Independent research shows that environmental concerns have influenced 75 per cent of UK consumers to make changes to their lifestyle; Fairtrade food penetration, for example, has grown from 20 per cent in 2005 to 50 per cent today.
Desire for sustainable products is certainly increasing, but their share remains low – less than 4 per cent of total retail expenditure last year, according to PwC. The primary barrier is price, with 48 per cent of consumers declaring they are unwilling or unable to pay a premium for more sustainable goods.
PwC calculated an average premium of about 45 per cent across 75 selected items; respondents said they might be willing to pay closer to 20 per cent.
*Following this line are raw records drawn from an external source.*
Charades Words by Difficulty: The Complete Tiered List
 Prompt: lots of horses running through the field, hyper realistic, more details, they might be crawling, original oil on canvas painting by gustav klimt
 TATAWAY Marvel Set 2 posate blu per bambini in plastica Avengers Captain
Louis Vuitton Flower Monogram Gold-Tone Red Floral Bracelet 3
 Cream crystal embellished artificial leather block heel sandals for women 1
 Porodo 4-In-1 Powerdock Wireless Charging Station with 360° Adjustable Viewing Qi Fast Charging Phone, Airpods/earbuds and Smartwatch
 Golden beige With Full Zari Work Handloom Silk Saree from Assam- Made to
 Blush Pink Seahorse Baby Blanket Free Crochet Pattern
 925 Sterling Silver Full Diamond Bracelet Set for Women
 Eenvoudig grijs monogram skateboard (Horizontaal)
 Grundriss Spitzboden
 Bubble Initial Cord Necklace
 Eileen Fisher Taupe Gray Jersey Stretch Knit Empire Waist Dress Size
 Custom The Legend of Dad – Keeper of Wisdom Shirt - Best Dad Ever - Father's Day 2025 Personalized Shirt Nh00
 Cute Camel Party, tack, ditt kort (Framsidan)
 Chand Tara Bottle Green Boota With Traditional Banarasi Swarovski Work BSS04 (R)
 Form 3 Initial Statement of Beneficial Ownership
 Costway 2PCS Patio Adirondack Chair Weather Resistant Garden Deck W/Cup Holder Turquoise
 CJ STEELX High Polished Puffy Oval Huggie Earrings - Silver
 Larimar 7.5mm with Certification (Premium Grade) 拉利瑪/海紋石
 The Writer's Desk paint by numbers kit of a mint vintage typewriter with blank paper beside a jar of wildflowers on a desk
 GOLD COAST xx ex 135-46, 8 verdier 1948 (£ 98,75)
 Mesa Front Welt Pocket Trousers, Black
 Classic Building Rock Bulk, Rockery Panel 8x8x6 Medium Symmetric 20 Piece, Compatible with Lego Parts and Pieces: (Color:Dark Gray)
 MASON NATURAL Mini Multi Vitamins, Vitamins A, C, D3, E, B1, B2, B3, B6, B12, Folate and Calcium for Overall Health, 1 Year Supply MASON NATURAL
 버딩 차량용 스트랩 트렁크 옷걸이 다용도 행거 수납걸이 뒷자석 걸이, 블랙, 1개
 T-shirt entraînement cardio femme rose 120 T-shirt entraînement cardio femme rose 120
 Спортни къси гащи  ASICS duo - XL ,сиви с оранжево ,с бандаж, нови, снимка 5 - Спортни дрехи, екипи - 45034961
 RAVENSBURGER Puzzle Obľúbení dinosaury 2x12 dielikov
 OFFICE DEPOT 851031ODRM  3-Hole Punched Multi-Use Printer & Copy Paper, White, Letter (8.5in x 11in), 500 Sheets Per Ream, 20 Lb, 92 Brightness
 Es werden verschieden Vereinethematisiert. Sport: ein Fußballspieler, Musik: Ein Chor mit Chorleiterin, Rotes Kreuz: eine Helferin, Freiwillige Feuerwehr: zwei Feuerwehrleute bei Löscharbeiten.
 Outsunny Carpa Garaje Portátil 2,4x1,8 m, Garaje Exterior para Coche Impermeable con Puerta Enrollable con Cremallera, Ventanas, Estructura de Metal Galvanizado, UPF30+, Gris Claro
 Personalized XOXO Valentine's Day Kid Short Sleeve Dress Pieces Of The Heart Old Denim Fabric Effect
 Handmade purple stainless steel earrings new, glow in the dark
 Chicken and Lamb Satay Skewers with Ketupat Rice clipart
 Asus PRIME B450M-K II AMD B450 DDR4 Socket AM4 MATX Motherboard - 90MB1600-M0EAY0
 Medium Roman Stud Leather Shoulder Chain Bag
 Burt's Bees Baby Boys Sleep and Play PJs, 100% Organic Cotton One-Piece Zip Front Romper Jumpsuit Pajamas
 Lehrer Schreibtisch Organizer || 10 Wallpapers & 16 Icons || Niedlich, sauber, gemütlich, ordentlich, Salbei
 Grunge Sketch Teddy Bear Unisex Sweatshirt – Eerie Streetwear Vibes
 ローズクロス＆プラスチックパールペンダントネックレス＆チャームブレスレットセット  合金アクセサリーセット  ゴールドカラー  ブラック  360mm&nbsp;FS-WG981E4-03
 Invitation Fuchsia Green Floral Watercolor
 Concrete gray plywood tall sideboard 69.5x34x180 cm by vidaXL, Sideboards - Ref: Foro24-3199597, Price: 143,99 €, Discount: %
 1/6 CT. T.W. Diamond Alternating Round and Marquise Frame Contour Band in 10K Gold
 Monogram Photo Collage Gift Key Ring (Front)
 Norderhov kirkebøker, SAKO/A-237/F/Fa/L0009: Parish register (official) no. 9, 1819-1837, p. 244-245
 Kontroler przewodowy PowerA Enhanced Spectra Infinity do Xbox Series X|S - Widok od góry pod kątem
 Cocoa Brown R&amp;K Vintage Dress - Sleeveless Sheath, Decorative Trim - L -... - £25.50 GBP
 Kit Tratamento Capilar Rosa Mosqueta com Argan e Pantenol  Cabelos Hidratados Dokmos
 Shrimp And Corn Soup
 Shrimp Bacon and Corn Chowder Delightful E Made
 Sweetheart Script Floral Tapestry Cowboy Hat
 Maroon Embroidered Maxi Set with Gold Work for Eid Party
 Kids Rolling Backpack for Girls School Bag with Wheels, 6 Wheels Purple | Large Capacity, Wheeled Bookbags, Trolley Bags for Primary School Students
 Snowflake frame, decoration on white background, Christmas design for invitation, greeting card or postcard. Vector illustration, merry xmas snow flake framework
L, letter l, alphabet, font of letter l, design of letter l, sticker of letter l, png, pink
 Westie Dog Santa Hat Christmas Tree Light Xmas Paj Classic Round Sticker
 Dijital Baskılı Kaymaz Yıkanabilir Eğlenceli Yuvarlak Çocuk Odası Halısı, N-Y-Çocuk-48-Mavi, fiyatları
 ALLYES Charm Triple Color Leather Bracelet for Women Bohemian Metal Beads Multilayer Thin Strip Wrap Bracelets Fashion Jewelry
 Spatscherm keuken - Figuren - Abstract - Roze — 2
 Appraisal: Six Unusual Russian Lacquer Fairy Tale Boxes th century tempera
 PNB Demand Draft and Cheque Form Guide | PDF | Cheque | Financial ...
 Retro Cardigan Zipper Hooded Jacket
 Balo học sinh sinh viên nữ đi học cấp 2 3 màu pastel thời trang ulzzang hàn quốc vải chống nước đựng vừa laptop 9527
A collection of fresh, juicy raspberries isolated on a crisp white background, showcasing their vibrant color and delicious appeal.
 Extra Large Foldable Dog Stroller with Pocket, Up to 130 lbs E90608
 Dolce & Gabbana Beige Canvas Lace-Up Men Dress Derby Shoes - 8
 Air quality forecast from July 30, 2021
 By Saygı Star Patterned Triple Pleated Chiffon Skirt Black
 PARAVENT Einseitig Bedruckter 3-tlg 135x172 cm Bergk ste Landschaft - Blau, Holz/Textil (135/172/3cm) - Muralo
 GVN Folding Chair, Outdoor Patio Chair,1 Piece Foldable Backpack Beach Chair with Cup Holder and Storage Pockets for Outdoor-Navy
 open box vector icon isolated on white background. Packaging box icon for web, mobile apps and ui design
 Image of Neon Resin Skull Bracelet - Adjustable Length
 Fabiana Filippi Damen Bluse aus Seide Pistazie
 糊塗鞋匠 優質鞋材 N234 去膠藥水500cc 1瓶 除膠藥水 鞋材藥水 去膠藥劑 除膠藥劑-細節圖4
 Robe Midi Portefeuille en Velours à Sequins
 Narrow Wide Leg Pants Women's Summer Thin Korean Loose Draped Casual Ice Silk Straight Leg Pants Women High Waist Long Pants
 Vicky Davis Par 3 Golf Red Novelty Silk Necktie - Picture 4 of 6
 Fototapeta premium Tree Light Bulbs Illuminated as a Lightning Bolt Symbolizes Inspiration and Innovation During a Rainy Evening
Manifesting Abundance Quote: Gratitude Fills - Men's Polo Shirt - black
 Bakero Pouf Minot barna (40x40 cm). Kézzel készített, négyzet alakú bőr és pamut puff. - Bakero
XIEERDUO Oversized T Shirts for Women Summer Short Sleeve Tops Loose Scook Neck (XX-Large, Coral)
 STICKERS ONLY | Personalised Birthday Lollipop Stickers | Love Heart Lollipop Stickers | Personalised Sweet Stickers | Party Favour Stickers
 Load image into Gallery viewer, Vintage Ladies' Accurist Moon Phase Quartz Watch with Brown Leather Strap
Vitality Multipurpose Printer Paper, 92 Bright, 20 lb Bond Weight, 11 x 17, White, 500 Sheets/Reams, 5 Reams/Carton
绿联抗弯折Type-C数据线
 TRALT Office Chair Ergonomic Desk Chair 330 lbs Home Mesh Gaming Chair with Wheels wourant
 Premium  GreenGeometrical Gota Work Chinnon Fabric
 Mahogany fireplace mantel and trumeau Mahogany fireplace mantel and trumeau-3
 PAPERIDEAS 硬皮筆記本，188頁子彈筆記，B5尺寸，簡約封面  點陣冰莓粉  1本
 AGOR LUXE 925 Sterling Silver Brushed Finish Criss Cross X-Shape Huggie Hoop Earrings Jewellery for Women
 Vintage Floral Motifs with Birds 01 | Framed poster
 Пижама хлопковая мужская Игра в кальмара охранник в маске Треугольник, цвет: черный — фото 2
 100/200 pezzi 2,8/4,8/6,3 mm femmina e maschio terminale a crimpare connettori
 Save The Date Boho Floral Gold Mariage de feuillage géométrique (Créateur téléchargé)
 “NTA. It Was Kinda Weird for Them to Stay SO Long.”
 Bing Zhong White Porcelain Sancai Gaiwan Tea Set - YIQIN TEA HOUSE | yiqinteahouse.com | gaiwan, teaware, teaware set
Reducing this disparity is key, a task made more acute by rising food inflation and falling consumer spend.
Another deterrent is the mass of unclear or contradictory information. When asked: “Who do you trust to tell you the truth about the environmental impact of a product?” NGOs were chosen by 51 per cent of respondents, government by 20 per cent and retailers by only 9 per cent.
So what can retailers do? In PwC’s consumer research, 62 per cent identified using less packaging as the most important action, another being waste reduction. Such lower-cost initiatives could turn sustainability on its head, creating win-wins for environmentally concerned consumers in a more price-sensitive world.
Germany is the fiefdom of the Greens, but also of the hard discounters. In Munich last week, at the CIES World Food Business Summit, Stephan Grünewald of the Rheingold Institute put these seemingly incompatible sets of German consumers on the couch. Homo Ecologicus and Homo Economicus are not, he claims, such strange bedfellows after all. They happily co-exist, spawned equally by Germany’s past – “green” arising from “greed” and “guilt” giving birth to “thrift”.
At the summit, Rewe chief executive Alain Caparros named trust and sustainability his top priorities. “We are locked in a new qualitative competition for customers’ trust... Customers will pay much closer attention to the way products are made... When it comes to the costs... if retailers can afford this effort, I do not think industry will have any trouble affording it... One point is clear: We must afford it. They must afford it. Both of us simply cannot afford anything else,” he said.
As PwC’s report concludes: “The risks of being left behind are becoming too great to ignore.” The future, it seems, must be green.